I am reading about the resonant peaks in the RLC circuits. Stumbled upon this link.
Below is the frequency response of a series RLC circuit, voltage measured across the capacitor.
I just want to understand what is the blue trace and the red one. How is there a peak in the blue trace? And how to understand the intuitive behaviour of the RLC circuit to understand how the peak appears?
This is the circuit image is for your plot (also from the link in your question) shown for completion: -
Going back to your bode-type-plot...
I just want to understand what is the blue trace and the red one.
The blue trace is the true magnitude response of the output when the value of the resistor is quite low in value. I can't be numerically precise about this because it depends on the values of L and C. Nevertheless this is called the under-damped case and is typified by the resonant peak that you observe in blue.
The red trace is an approximate "straight-line" version of the bode plot that we sometimes use. These are often referred to as asymptotes and are just an approximation to the real response and don't include the resonant peaks.
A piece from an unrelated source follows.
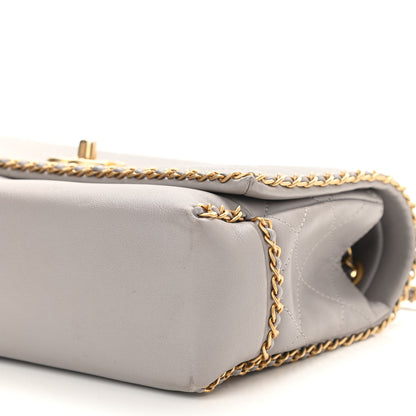Chanel Calfskin Stitched Chain Flap Grey 10 of 11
I will also add that the graph in your image is for the square of the transfer function and I don't find that this is helpful at all. If you want to play with a real bode-plot then alter the values in the calculator in my basic website: -
The above gives the true response and all the incidental values associated with this type of low-pass filter.
And how to understand the intuitive behaviour of the RLC circuit to understand how the peak appears?
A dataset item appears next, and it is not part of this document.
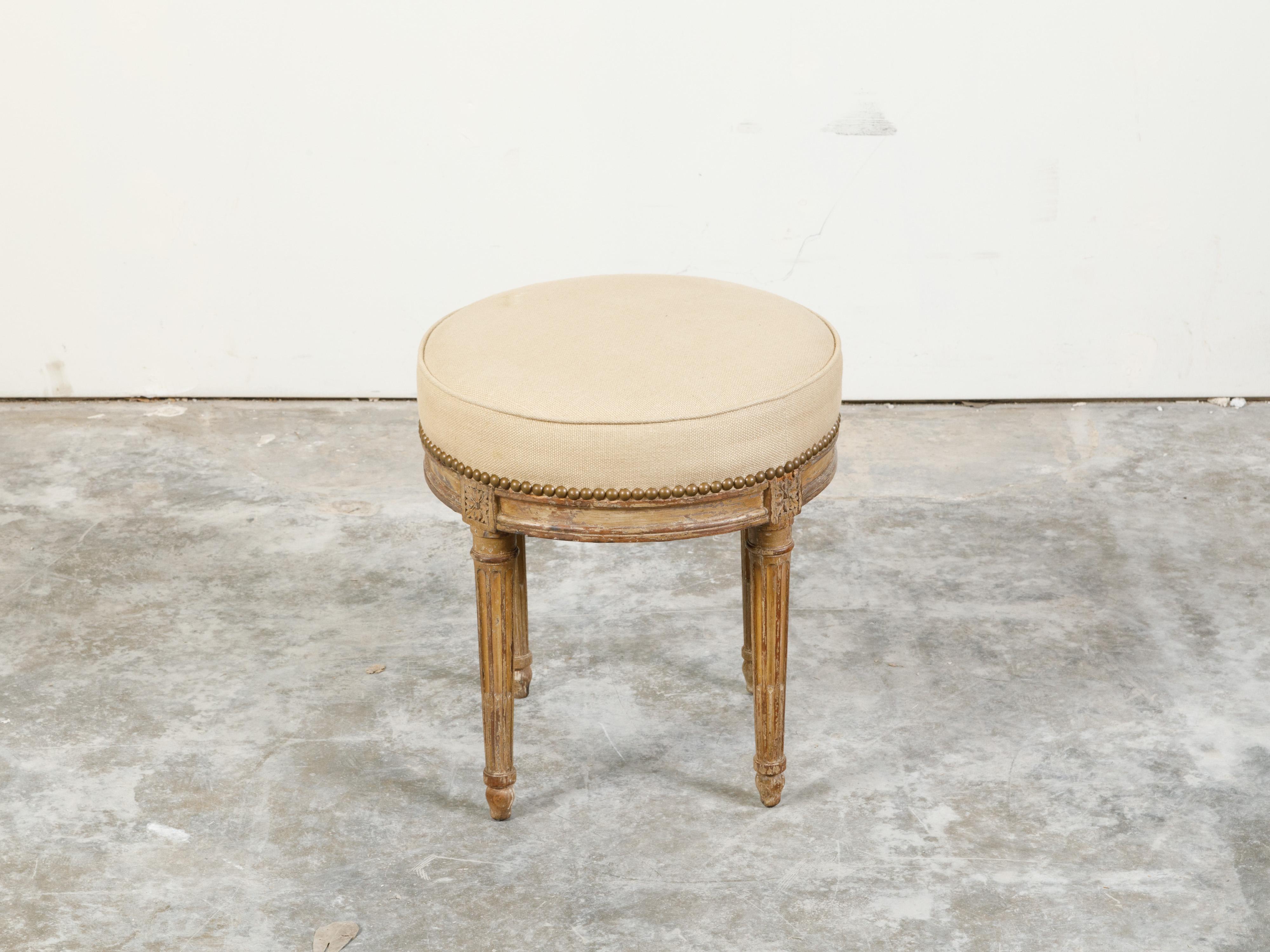Turned French Neoclassical Style 19th Century Stool with Fluted Legs and New Upholstery For Sale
This can take a while to sink in but, a simple way to imagine it is when the value of resistance is very low. So, at resonance the L and C act as a series tuned circuit across the input source and, if R is very small in value there will be a large flow of current (much more than at other parts of the spectrum) and, this generates the large peak in output voltage.
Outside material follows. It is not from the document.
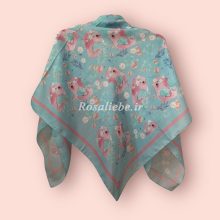 روسری نخی قواره متوسط (قواره 110) گنجشک آبی صورتی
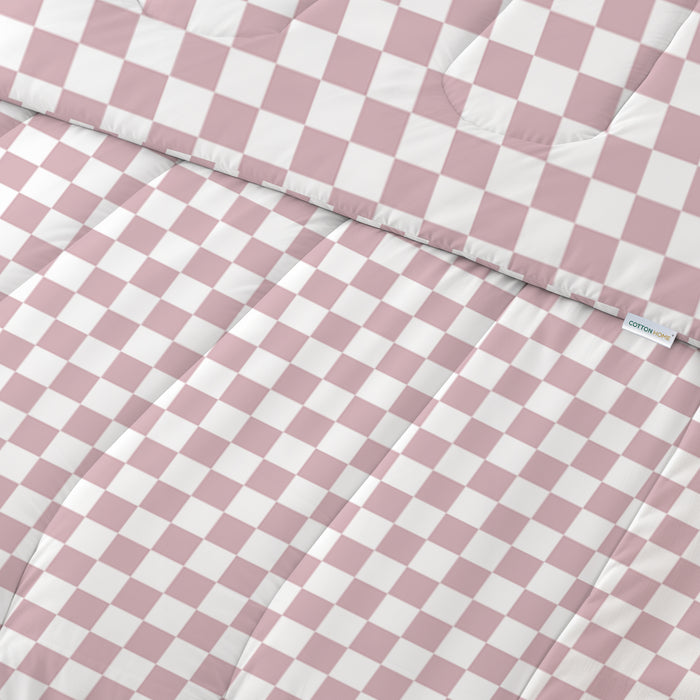 Back to School Essentials 4PC Premium Cotton Kids Bedding & Free Pencil Set Pink Block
Well, notice that the transfer function of that circuit is given by:
$$\mathscr{H}\left(\text{s}\right):=\frac{\displaystyle\text{V}_\text{o}\left(\text{s}\right)}{\displaystyle\text{V}_\text{i}\left(\text{s}\right)}=\frac{\displaystyle\frac{\displaystyle1}{\displaystyle\text{sC}}}{\displaystyle\frac{\displaystyle1}{\displaystyle\text{sC}}+\text{sL}+\text{R}}=\frac{\displaystyle1}{1+\text{CRs}+\text{CL}\text{s}^2}\tag1$$
So, for the magnitude we get:
$$\left|\mathscr{H}\left(\text{j}\omega\right)\right|=\frac{\displaystyle1}{\displaystyle\sqrt{\left(1-\text{CL}\omega^2\right)^2+\left(\text{CR}\omega\right)^2}}\tag2$$
The peak, \$\hat{\omega}\$, can be found at:
$$\frac{\displaystyle\partial\left|\mathscr{H}\left(\text{j}\hat{\omega}\right)\right|}{\displaystyle\hat{\omega}}=0\space\Longrightarrow\space\hat{\omega}=\frac{\displaystyle1}{\displaystyle\text{L}}\sqrt{\frac{\displaystyle\text{L}}{\displaystyle\text{C}}-\frac{\displaystyle\text{R}^2}{\displaystyle2}}\tag3$$
Where we have to assume that \$\displaystyle\text{CR}^2<2\text{L}\$, because otherwise the term in the square root will become negative and there will be no peak.